Kshs 28,732/= x 20 x 12 x ½ = Kshs 3,447,840/=

I will however make no award under the Law Reform Act in view of the decision of Kemfro Africa Limited t/a Meru Express Services & Anor –vs- A. M. Lubia & Anor (1982-88)1 KAR 727.

On special damages, the plaintiff pleaded that she should be awarded the sum of Kshs 54,600/= as special damages.  During the trial she produced the following receipts; Exhibit No. 6, Kshs 10,000/=, Exhibit No. 7, Kshs 2,200/=, Exhibit No. 8 Kshs 605/=, Exhibit No. 11 Kshs 5,250/=.  In her evidence before court she testified that she purchased a coffin for Kshs 10,000/=.  She however did not produce any receipt in support of her claim.  I will however accept her testimony considering the fact that the deceased was actually buried in some coffin.  The deceased died at Naivasha and was transported to Nakuru where she was buried.  The plaintiff testified that she used the sum of Kshs 17,500/= as transport charges.  Considering the distance between Naivasha and Nakuru, the amount of Kshs 17,500/= is not unreasonable.  Although no receipts were produced, I will award the same.  The special damages that will be awarded to the plaintiff that were proved is therefore Kshs 45,555/=.

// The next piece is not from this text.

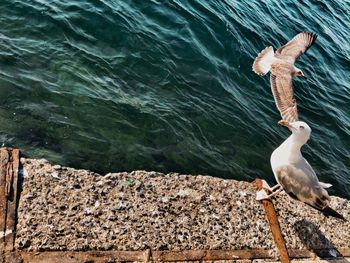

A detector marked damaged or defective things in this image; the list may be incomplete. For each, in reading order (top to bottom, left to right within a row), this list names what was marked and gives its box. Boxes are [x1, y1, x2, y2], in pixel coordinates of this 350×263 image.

rusty metal post [256, 179, 292, 263]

The upshot of the above is that judgment is entered for the plaintiff against the defendants jointly and severally as hereunder:

(i)On Liability

Liability is apportioned as between the 1st and the 2nd defendant on the one hand and the 3rd and 4th defendants on the other, at the ratio of 50:50 as agreed by consent.

(ii)On Quantum

(a)       General Damages…………………Kshs 3,447,840/=

(b)       Special Damages …………………Kshs    45,555/=

Total                         Kshs 3,493,395/=

Apportioned between the defendants

1st and 2nd defendants (50%)…………   Kshs 1,746,695. 50/=

3rd and 4th defendants (50%)…………    Kshs 1,746,695. 50/=

(iii)           Costs of the suit.

(iv)           Interest on special damages shall be paid from the date of filing suit whilst interest on the general damages shall be paid from the date of this judgment.

DATED at NAKURU this2ndday ofJune, 2006.